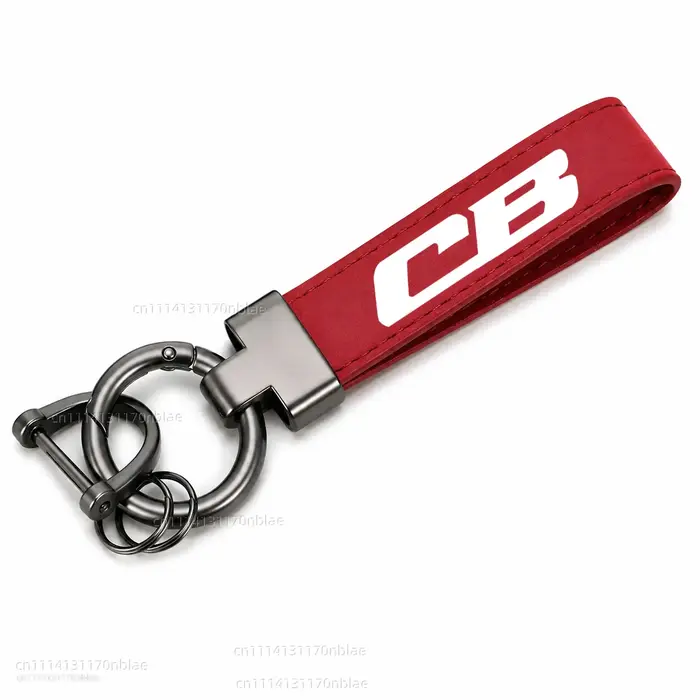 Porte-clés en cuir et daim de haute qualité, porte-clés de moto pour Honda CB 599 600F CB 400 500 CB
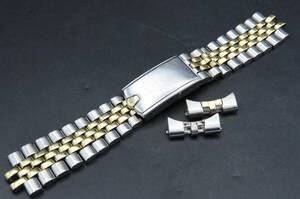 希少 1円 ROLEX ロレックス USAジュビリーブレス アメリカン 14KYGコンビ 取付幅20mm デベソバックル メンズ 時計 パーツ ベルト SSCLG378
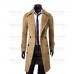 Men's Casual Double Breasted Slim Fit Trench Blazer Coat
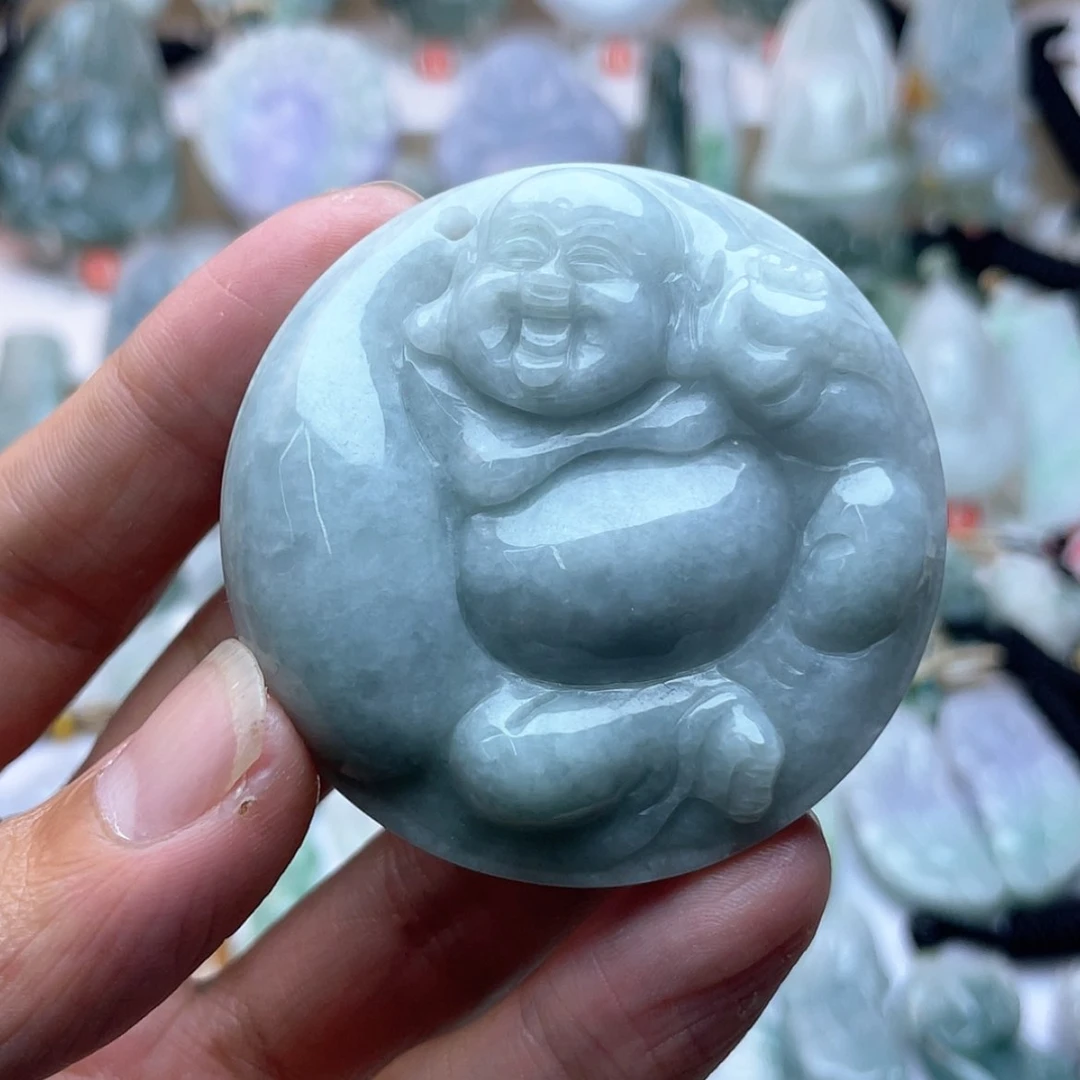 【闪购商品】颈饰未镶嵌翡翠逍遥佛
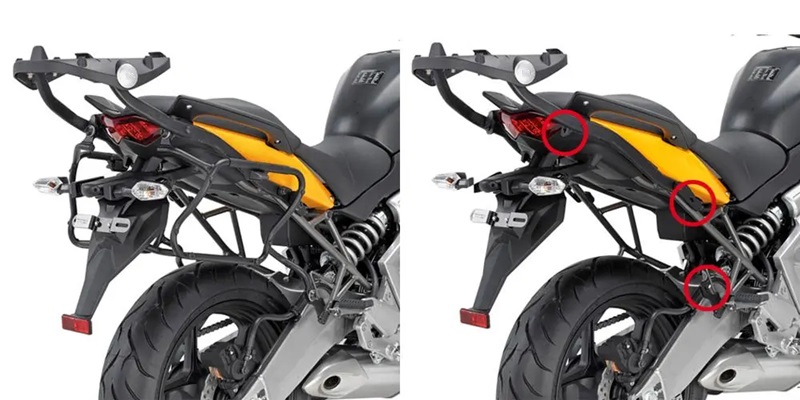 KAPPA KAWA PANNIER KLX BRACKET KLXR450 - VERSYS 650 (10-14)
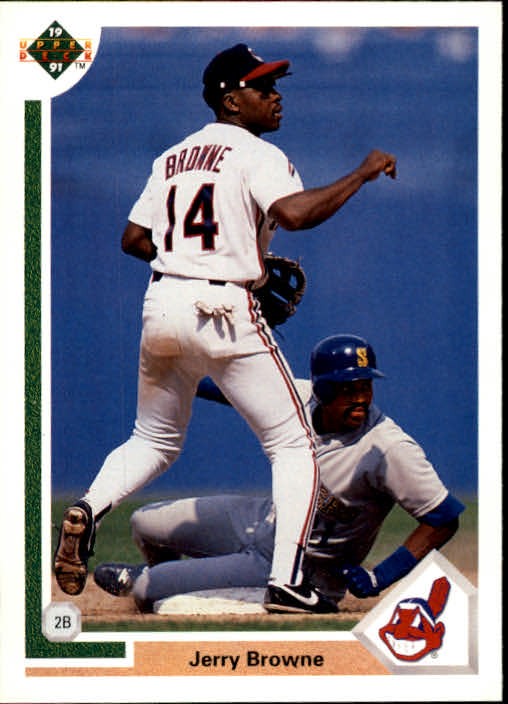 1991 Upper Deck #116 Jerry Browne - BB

=====

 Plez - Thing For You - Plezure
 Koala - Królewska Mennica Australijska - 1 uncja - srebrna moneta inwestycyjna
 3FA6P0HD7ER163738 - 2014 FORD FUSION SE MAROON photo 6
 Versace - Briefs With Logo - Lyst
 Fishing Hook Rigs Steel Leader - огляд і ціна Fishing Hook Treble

=====

**Work task**
The expected answer is an exact copy of the lines above, beginning at the line with "Plez - Thing For You - Plezure" and ending at the line with "Fishing Hook Rigs", with both ends in.

**Written response**
 Plez - Thing For You - Plezure
 Koala - Królewska Mennica Australijska - 1 uncja - srebrna moneta inwestycyjna
 3FA6P0HD7ER163738 - 2014 FORD FUSION SE MAROON photo 6
 Versace - Briefs With Logo - Lyst
 Fishing Hook Rigs Steel Leader - огляд і ціна Fishing Hook Treble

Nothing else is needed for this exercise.